Verbleibende Generationskonflikte sind ganz überwiegend auf der kollektiven Ebene angesiedelt, also systembedingt angelegt, weil es um die Verteilung knapper werdender sozialstaatlicher Ressourcen, von Arbeitsplätzen und von Umweltressourcen geht. Deshalb werden neue sozial-und gesellschaftspolitische Verteilungskonzepte benötigt. Die Verteilungsgerechtigkeit zwischen den Generationen ist zu einer ernsthaften Herausforderung an den Sozialstaat geworden. Noch schaffen die Austauschverhältnisse auf der Mikroebene der individuellen und familialen Beziehungen einen Ausgleich dieser Spannung. Die „Transferleistungen" auf privater Ebene zwischen den Generationen entlasten und homogenisieren die verzerrten sozialpolitischen Ressourcenverteilungen. Deswegen sind die Spannungen zwischen den Generationen auf der individuellen und familialen Ebene auch sehr gering, trotz der durchaus gestiegenen psychischen und sozialen Wünsche und Anforderungen an das Zusammenleben. Die strukturellen Verteilungsprobleme zwischen den Generationen können aber wohl auf Dauer so nicht ausgeglichen werden.

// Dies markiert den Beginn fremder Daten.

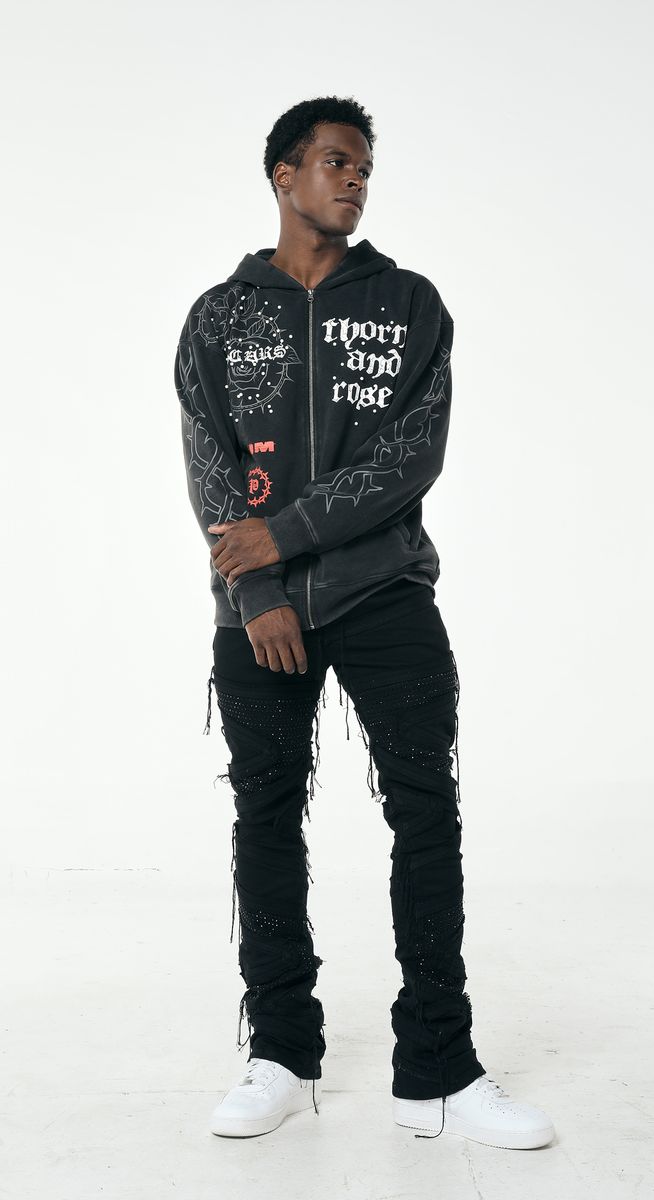 Person wearing a black hoodie with text and graphics, black pants, and white shoes on a white background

Deshalb sind auch aus biografietheoretischer Perspektive dringend neue Ansätze notwendig. Neben der Neufassung der sozialen Sicherungssysteme geht es dabei auch um die Schaffung von sozialen Foren für den generationenübergreifenden Austausch. Dazu gehören Interessensbörsen und Wissens-und Wissenschaftsakademien, bei denen ältere Menschen Zeitzeugen vergangener Ereignisse sind, die sie lebendig an die jüngere Generation weitergeben. Außerdem können ältere Menschen als Paten für jüngere Arbeitssuchende und Berufsanfänger fungieren und nachbarschaftliche Kooperationen einleiten (Kaufmann 1993; Kohli und Szydlik 2000). Angesichts der Ausdünnung der Familien können solche Projekte auch für Generationenbeziehungen jenseits familialer Strukturen von Bedeutung sein, um die Angehörigen verschiedener Altersgruppen miteinander in Kontakt zu bringen. Ziel einer „Generationenarbeit" ist es, Übergänge zwischen den Lebensaltern zu erleichtern und den Dialog zwischen den Generationen in Familie und Gesellschaft zu fördern (Dallinger und Walter 1999, S. 104).

Eine Gesellschaft kann sozial nur überleben, wenn neben ein Mindestmaß von traditioneller Sicherung und Kontinuität auch ein Mindestmaß von Innovation tritt. Durch die junge Generation kommen dabei im Idealfall die aufbrechenden Entscheidungen zum Zuge, die sich aus den veränderten wirtschaftlichen und gesellschaftlichen Bedingungen ergeben. Die ältere Generation sorgt für Kontinuität und bringt ihre abgesicherten Erfahrungen ein. Die mittlere Generation ist in der Regel in einer gestaltenden Rolle, die die beiden Impulse miteinander verbindet. Es ist die Aufgabe der Gesellschafts-und Sozialpolitik, die Voraussetzungen für ein solches lebendiges Miteinander der drei Generationen zu schaffen. Sozialisationstheorie und -forschung können, wie meine Ausführungen zeigen sollten, dafür wissenschaftlich abgesicherte Entscheidungshilfen liefern.